Antispam -- false positives are NOT acceptable

My fellow blogger Alex Scoble just posted something that I think misses a couple of points, in the area of antispam.

The main point is that the level of false positives in an antispam system shouldn't be low -- the level of false positives should be effectively zero. Otherwise, users need to sort through their spam boxes anyway, and then what's the good of an antispam system? For more on this argument, please see a column that's a little over a year old.

I also have my doubts about Postini, the vendor he was praising. Surely by all accounts they are one of the best. But they also caused one of the two worst false-positive situations I've ever encountered personally, and the hypothetical user configuration error they are suggesting as the cause seems like nonsense.

Finally, he drew a big distinction between filtering spam at an outsourcer's site and filtering it on your own appliance, due to bandwidth costs, or maybe just due to a desire not to touch that icky spammy stuff. Well, I'd like to see numbers before I'm convinced, because the idea doesn't make a whole lot of intuitive sense.

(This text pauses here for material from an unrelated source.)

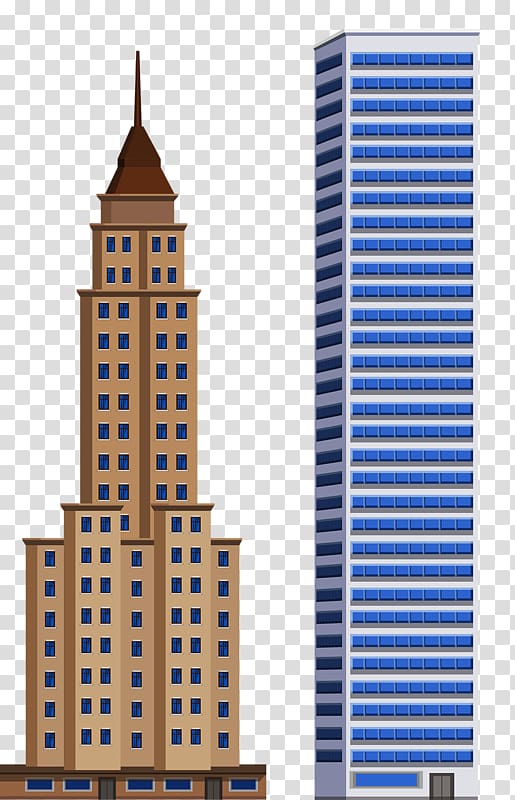 Two stylized skyscrapers-one Art Deco with spire, one modern glass tower-on transparent background.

There are enough other kinds of security that probably aren't getting outsourced offsite; why is spam so special that email needs to be sent to the Outside Email Sanitizer before being even being allowed to knock at the enterprise network's well-guarded front gates?

EDIT: The OECD doesn't quite get it, either. Their basically sensible report on SPAM in developing countries seemingly entertains the notion that coarse-grained spam blocking (e.g., of entire ISPs) is a necessary evil. Bzzt. Better alternatives abound, and surely a good price can be arranged for Third World ISPs.